Мои знакомые негры, включая и образованных клерков, не понимали никаких абстрактных идей, зато они были по-детски чувствительны к справедливости и несправедливости. Проблемы нравственности, добра и зла для них не существовало. Я удивлялась и тому, как быстро может получиться шофер или техник из человека, который только-только покинул джунгли. Похоже, что эта область деятельности ближе примитивному человеку, чем мир идей.

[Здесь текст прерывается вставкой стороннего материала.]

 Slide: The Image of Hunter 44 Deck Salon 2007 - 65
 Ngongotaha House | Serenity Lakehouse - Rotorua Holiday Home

В двадцать лет меня мало занимали проблемы деколонизации. Да и слова этого в те времена еще не существовало. Но взаимоотношения между людьми меня интересовали. Оказавшись причастной к колониальной жизни, я не могла вообразить — да и кто бы смог — Конго суверенным государством. Я видела сложность межплеменных вопросов, равнодушие населения, истомленного климатом, плохим питанием и болезнями. Как бы ни относиться к белым, которые жили рядом со мной, мне было ясно, что без них Африка никогда бы не выбралась из потемок. Она была далека от национального, культурного и религиозного единства. Только цвет кожи объединял все народности, живущие на этом континенте. Если бы Стенлей и Д. Ливингстон («Перо и Библия») не открыли Конго, в настоящее время его демографические показатели приближались бы к критическому порогу. Я не собираюсь защищать капиталистов — они прекрасно постоят за себя сами и как колонизаторы, и как деколонизаторы, — но если бы крупные компании не укоренились в Конго, если бы им не понадобились рабочие руки для разработки богатств этой страны, Черную Африку продолжали бы губить традиционные язвы — проказа, желтая лихорадка, малярия, сонная болезнь и еще множество других, о которых лучше и не вспоминать, не говоря о голоде. Как исчислить те блага, какие принесли католические и протестантские миссионеры в Африку? И разве священники, монахини и миссионеры, убитые во время деколонизации, не стали мучениками во имя своей любви к ближнему?